Of the entries below, return only those lines from the line with "cars, Chevrolet, Roads, Vehicles, Classic, Cars" to the line with "Used BMW X3", exactly, both included.
━━ Information provided
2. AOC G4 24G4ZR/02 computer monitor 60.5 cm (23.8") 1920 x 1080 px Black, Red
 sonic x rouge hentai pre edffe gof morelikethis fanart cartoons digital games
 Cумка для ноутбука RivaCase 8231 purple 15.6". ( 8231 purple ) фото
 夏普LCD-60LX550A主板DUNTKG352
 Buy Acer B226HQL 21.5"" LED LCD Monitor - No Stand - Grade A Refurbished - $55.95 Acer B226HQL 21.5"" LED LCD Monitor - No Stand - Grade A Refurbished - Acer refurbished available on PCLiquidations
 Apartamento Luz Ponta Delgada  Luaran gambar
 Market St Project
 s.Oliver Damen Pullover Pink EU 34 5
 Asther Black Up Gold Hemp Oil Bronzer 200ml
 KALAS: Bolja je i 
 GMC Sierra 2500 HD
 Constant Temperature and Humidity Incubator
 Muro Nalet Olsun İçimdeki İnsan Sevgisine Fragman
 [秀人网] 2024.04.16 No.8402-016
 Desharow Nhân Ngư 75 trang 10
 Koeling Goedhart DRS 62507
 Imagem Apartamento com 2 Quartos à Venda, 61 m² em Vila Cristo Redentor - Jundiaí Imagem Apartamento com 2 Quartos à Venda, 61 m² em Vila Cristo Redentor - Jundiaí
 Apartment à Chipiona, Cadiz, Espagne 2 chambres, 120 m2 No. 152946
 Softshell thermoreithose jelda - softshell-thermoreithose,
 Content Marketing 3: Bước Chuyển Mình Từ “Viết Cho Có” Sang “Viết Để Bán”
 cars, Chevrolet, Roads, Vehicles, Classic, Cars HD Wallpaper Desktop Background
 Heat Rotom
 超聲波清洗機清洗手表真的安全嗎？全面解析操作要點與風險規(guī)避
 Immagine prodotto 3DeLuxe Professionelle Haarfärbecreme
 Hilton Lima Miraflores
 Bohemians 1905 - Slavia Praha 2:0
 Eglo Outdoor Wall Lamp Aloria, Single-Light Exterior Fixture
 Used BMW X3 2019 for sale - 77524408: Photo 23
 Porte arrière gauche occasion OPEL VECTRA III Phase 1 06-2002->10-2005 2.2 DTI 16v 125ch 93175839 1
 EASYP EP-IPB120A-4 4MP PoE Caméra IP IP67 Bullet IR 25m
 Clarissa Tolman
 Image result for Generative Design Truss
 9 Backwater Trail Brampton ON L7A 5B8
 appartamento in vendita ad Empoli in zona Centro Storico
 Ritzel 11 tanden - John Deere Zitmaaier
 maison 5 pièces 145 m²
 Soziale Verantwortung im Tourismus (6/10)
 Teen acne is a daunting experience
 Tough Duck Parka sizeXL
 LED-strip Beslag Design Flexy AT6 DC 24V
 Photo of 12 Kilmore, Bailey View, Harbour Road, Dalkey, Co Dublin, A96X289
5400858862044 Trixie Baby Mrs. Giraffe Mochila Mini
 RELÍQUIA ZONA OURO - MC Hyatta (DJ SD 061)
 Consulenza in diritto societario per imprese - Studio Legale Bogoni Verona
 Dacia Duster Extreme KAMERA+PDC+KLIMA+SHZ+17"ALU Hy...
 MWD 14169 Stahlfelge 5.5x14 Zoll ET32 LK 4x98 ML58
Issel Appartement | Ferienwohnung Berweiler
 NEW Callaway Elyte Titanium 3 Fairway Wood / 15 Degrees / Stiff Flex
━━━━
> [Task output]:
 cars, Chevrolet, Roads, Vehicles, Classic, Cars HD Wallpaper Desktop Background
 Heat Rotom
 超聲波清洗機清洗手表真的安全嗎？全面解析操作要點與風險規(guī)避
 Immagine prodotto 3DeLuxe Professionelle Haarfärbecreme
 Hilton Lima Miraflores
 Bohemians 1905 - Slavia Praha 2:0
 Eglo Outdoor Wall Lamp Aloria, Single-Light Exterior Fixture
 Used BMW X3 2019 for sale - 77524408: Photo 23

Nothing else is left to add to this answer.